ENTRIES SUPPLIED:
━━━━━━━━━━━━━━━━━━━━

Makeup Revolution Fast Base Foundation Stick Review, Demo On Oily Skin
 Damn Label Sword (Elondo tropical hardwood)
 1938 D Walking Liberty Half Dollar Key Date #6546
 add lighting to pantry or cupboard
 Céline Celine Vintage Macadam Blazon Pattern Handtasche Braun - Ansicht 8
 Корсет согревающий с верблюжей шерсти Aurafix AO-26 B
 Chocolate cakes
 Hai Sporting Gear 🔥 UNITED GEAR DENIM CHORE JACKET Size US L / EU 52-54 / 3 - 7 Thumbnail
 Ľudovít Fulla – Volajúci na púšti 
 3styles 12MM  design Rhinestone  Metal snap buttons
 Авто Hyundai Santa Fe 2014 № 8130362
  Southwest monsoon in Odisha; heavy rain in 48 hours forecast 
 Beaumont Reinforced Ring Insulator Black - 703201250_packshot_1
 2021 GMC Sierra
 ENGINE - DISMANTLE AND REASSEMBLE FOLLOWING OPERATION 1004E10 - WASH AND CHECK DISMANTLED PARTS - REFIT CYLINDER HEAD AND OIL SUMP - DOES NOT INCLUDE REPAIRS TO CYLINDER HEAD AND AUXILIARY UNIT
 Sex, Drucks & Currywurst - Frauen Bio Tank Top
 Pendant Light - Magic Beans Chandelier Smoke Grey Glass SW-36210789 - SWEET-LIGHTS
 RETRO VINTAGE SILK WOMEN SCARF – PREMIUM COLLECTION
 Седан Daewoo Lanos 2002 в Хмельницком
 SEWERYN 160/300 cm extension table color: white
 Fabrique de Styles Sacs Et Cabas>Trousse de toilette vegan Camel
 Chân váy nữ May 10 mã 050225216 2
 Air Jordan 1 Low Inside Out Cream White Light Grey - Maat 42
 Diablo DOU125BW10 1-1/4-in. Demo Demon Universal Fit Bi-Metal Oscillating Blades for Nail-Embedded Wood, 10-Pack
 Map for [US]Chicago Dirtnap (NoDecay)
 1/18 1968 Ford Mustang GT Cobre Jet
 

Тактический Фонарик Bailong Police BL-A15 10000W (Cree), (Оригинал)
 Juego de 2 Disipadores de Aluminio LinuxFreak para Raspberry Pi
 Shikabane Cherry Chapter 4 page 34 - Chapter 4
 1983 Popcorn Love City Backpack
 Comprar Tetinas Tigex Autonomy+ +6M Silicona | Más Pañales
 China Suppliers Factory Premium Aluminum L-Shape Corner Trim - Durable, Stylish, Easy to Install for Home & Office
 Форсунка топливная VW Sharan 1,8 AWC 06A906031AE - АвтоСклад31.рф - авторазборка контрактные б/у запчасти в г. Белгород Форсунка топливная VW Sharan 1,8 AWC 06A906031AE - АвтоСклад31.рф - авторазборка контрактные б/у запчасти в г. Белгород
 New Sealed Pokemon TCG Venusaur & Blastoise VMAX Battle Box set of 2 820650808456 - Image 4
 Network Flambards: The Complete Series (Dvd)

━━━━━━━━━━━━━━━━━━━━

WORK REQUIRED: Looking at the material above, state the number of lines that contain the word "Metal". Give nothing but that number.

TASK RESULT: 2